Majority of Germans oppose country’s nuclear phase-out: Survey


A majority of German people oppose the country’s nuclear phase-out as the last three nuclear power plants are taken off the grid, according to a survey conducted by research company infratest dimap and published by public broadcaster ARD. 
Only a third of respondents thought this step was right. With 50 per cent, support was highest among Germans aged between 18 and 34 years, the survey showed. 
The mood was different 12 years ago, when the already scheduled nuclear phase-out was brought forward by former Chancellor Angela Merkel to the end of 2022. 
In June 2011, around three months after the Fukushima nuclear catastrophe in Japan, 54 percent of Germans supported Merkel’s response, the ARD survey recalled. 
Due to the energy crisis, however, the operation of the Emsland, Isar 2 and Neckarwestheim 2 nuclear plants had been extended until April 2023. 

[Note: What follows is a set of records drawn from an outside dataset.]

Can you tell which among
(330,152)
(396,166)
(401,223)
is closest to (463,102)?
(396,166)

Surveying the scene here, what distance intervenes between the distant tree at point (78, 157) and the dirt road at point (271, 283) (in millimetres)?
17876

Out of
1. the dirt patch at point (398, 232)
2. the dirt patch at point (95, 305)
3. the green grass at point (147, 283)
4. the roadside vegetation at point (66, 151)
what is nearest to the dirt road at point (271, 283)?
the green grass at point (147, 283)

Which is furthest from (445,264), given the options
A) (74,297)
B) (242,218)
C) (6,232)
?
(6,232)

Despite the imminent final phase-out, the “very high reliability” of the country’s power supply remains secured, the German Ministry for Economic Affairs and Climate Action and the Ministry for the Environment said in a joint statement last week. 

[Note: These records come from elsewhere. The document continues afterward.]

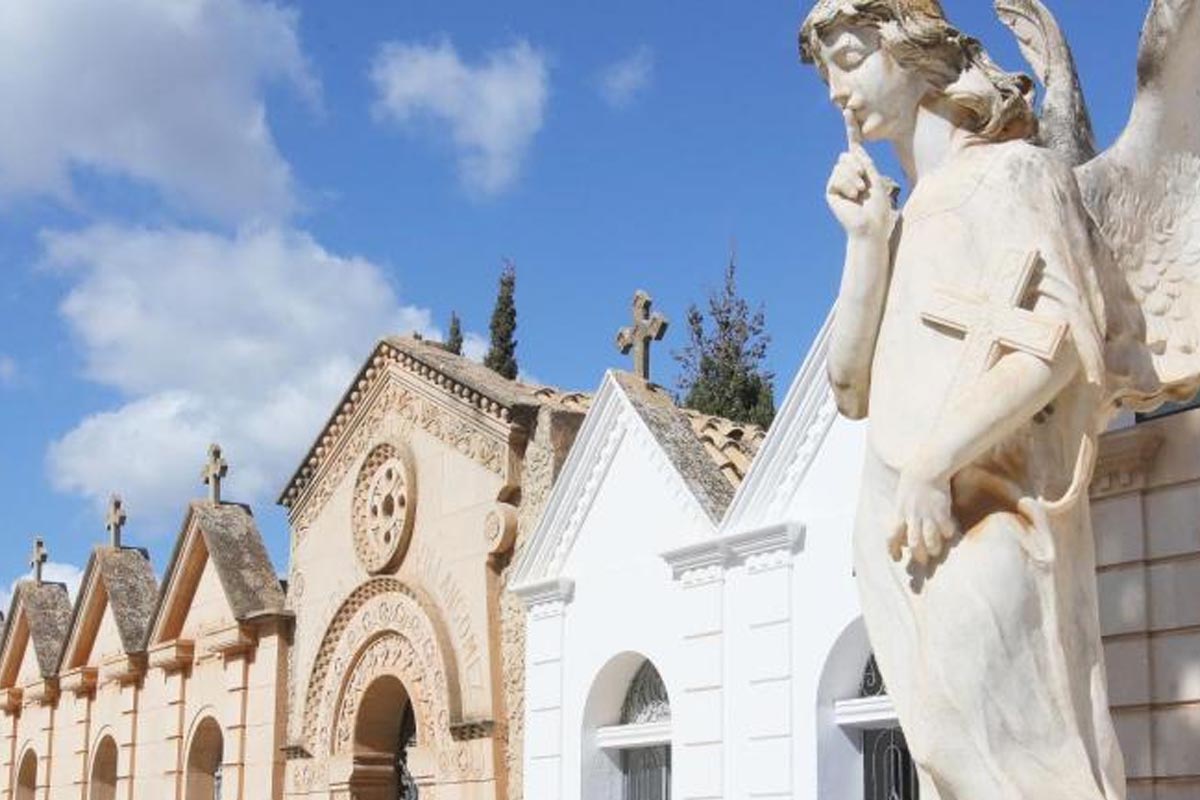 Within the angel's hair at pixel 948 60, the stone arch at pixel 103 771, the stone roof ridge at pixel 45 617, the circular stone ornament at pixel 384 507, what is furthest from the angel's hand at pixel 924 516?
the stone roof ridge at pixel 45 617

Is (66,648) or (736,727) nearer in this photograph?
(736,727)

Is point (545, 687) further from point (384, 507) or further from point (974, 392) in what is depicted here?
point (974, 392)

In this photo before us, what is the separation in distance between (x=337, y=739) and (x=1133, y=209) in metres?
11.4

“This will end the use of nuclear power in Germany and significantly increase nuclear safety in this country,” the ministries said. 
“With the clear target of climate neutrality by 2045, the entire energy system will be converted to the use of renewable energies.” 
However, there is still no final repository for nuclear waste. Further, official expert reports showed that the expansion of renewable energies in Europe’s largest economy is progressing too slowly. 
Electricity production from nuclear sources had already dropped by around half in 2022 compared to the previous year, accounting only for 6.4 per cent of total electricity, according to official figures. However, coal remained the most important energy source for power generation last year. 
According to the ARD survey, 66 percent of Germans are very concerned that the shift toward more climate-friendly energy would be followed by a further increase in energy prices.